BRIEF SUMMARYA method and apparatus are provided in accordance with an example embodiment of the present disclosure in order to provide an electromagnetic pulse shield ground path. In this regard, the method and apparatus of one embodiment may permit the electromagnetic shields of a plurality of power feeders to be grounded in an efficient and uniform manner. In addition, the method and apparatus of one embodiment may permit the electromagnetic shields of a plurality of power feeders to be grounded in a manner that does not require modification of other components, such as an integrated drive generator housing.
In one embodiment, an apparatus is disclosed for providing an electromagnetic pulse shield ground path. The apparatus of this embodiment includes a fanning bar ground block. The fanning bar ground block includes a body member defining a plurality of openings for receiving respective conductors. The plurality of openings include a neutral opening and at least one power feeder opening. The neutral opening is configured to receive a shielded neutral conductor and each power feeder opening is configured to receive a respective shielded power feeder conductor. The fanning bar ground block further includes a plurality of barrels associated with respective openings defined by the body member and configured to be positioned in electrical contact with a shield of the conductor extending through the respective opening. The apparatus of this embodiment also includes a plurality of clamps. Each clamp is associated with a respective one of the conductors and is configured to secure the shield of the respective conductor to the barrel that is positioned in electrical contact with the shield. The apparatus further includes a ground path extending from the fanning bar ground block.

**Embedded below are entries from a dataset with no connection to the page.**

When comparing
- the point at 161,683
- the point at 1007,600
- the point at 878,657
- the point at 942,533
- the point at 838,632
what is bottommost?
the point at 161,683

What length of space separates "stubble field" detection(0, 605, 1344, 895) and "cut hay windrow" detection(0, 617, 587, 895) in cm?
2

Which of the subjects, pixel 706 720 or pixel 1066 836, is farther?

The body member of the fanning bar ground block may also include a housing formed of a conductive material and an insert disposed within the housing. In this embodiment, the insert is formed of an insulative material and defines the plurality of openings. Additionally, the plurality of barrels and the ground path may be in electrical contact with the housing. The plurality of barrels may extend outwardly from the housing. The plurality of barrels may be formed of a conductive material and may be aligned with respective openings defined by the body member. In one embodiment, the apparatus may also include a friction material carried by the plurality of barrels.
In another embodiment, a shielded power feeder assembly is provided that includes a plurality of conductors comprising a neutral conductor and at least one power feeder conductor. Each conductor includes an electromagnetic pulse shield. The shielded power feeder assembly of this embodiment also includes a fanning bar ground block. The fanning bar ground block includes a body member defining a plurality of openings for receiving respective neutral and power feeder conductors. The fanning bar ground block also includes a plurality of barrels associated with respective openings defined by the body member and configured to be positioned in electrical contact with the shield of the conductor extending through the respective opening. The shielded power feeder assembly of this embodiment also includes a ground path extending from the fanning bar ground block.

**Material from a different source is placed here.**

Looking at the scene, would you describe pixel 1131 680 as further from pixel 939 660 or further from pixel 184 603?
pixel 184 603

The plurality of conductors may be configured to extend from an integrated drive generator positioned outside of a body of a vehicle to an interior of the body of the vehicle. In this regard, the fanning bar ground block and the ground path may also be configured to be positioned outside of the body of the vehicle. The shielded power feeder assembly of one embodiment also includes a plurality of clamps. In this embodiment, each clamp may be associated with a respective one of the conductors and may be configured to secure the shield of the respective conductor to the barrel that is positioned in electrical contact with the shield.

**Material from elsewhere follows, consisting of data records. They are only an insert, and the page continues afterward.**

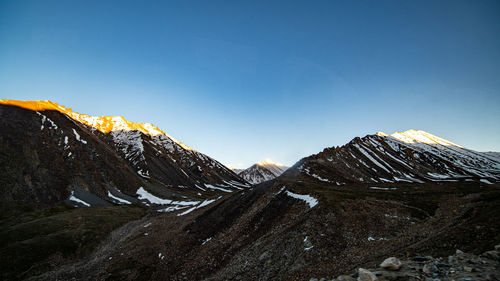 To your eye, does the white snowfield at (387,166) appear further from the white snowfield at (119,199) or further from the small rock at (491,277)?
the white snowfield at (119,199)

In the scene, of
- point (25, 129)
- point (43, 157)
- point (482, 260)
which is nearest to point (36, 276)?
point (482, 260)

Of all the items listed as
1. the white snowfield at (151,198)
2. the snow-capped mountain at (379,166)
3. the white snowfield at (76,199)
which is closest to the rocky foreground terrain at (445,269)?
the snow-capped mountain at (379,166)

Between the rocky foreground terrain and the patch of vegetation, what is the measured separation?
43.4 m

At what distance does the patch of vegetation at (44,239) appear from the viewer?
30913 millimetres

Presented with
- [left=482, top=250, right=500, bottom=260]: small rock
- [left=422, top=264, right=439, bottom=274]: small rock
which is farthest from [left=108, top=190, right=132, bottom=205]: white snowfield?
[left=482, top=250, right=500, bottom=260]: small rock

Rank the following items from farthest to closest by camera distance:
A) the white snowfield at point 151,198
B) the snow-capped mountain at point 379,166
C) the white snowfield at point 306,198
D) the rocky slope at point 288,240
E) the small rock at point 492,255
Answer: the white snowfield at point 151,198 → the snow-capped mountain at point 379,166 → the white snowfield at point 306,198 → the rocky slope at point 288,240 → the small rock at point 492,255

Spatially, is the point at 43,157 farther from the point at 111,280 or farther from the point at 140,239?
the point at 111,280

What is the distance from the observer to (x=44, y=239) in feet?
123

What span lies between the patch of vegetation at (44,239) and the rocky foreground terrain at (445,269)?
43.4 metres

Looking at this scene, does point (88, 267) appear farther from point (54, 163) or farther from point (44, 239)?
point (54, 163)

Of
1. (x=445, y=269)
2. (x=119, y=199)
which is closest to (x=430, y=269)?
(x=445, y=269)

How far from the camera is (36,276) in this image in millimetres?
29016

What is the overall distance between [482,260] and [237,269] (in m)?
17.7

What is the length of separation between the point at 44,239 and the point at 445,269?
54.8 meters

The body member of the fanning bar ground block of one embodiment includes a housing formed of a conductive material and an insert disposed within the housing. The insert may be formed of an insulative material and may define the plurality of openings. In this embodiment, the plurality of barrels and the ground path are in electrical contact with the housing. The plurality of barrels may extend outwardly from the housing. In one embodiment, the plurality of barrels are formed of a conductive material and are aligned with respective openings defined by the body member. The shielded power feeder assembly of one embodiment may also include a friction material carried by the plurality of barrels.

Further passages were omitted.